(Recorded information):
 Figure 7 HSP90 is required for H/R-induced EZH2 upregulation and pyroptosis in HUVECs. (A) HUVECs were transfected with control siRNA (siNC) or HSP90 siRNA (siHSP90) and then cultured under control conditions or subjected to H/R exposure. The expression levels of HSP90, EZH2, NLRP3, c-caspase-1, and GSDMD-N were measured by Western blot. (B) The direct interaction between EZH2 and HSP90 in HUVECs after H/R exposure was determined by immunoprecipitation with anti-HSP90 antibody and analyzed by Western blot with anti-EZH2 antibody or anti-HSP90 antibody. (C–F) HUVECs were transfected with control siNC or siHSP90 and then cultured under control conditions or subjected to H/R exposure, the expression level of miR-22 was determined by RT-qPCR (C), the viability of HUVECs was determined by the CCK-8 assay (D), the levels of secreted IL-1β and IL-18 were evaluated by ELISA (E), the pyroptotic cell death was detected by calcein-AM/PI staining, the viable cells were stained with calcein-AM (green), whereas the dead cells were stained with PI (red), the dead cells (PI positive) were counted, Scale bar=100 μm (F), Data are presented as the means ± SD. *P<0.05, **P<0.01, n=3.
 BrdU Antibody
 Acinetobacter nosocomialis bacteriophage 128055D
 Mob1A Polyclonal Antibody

(Try it): The full listing should be restated word for word.

(Answer section):
 Figure 7 HSP90 is required for H/R-induced EZH2 upregulation and pyroptosis in HUVECs. (A) HUVECs were transfected with control siRNA (siNC) or HSP90 siRNA (siHSP90) and then cultured under control conditions or subjected to H/R exposure. The expression levels of HSP90, EZH2, NLRP3, c-caspase-1, and GSDMD-N were measured by Western blot. (B) The direct interaction between EZH2 and HSP90 in HUVECs after H/R exposure was determined by immunoprecipitation with anti-HSP90 antibody and analyzed by Western blot with anti-EZH2 antibody or anti-HSP90 antibody. (C–F) HUVECs were transfected with control siNC or siHSP90 and then cultured under control conditions or subjected to H/R exposure, the expression level of miR-22 was determined by RT-qPCR (C), the viability of HUVECs was determined by the CCK-8 assay (D), the levels of secreted IL-1β and IL-18 were evaluated by ELISA (E), the pyroptotic cell death was detected by calcein-AM/PI staining, the viable cells were stained with calcein-AM (green), whereas the dead cells were stained with PI (red), the dead cells (PI positive) were counted, Scale bar=100 μm (F), Data are presented as the means ± SD. *P<0.05, **P<0.01, n=3.
 BrdU Antibody
 Acinetobacter nosocomialis bacteriophage 128055D
 Mob1A Polyclonal Antibody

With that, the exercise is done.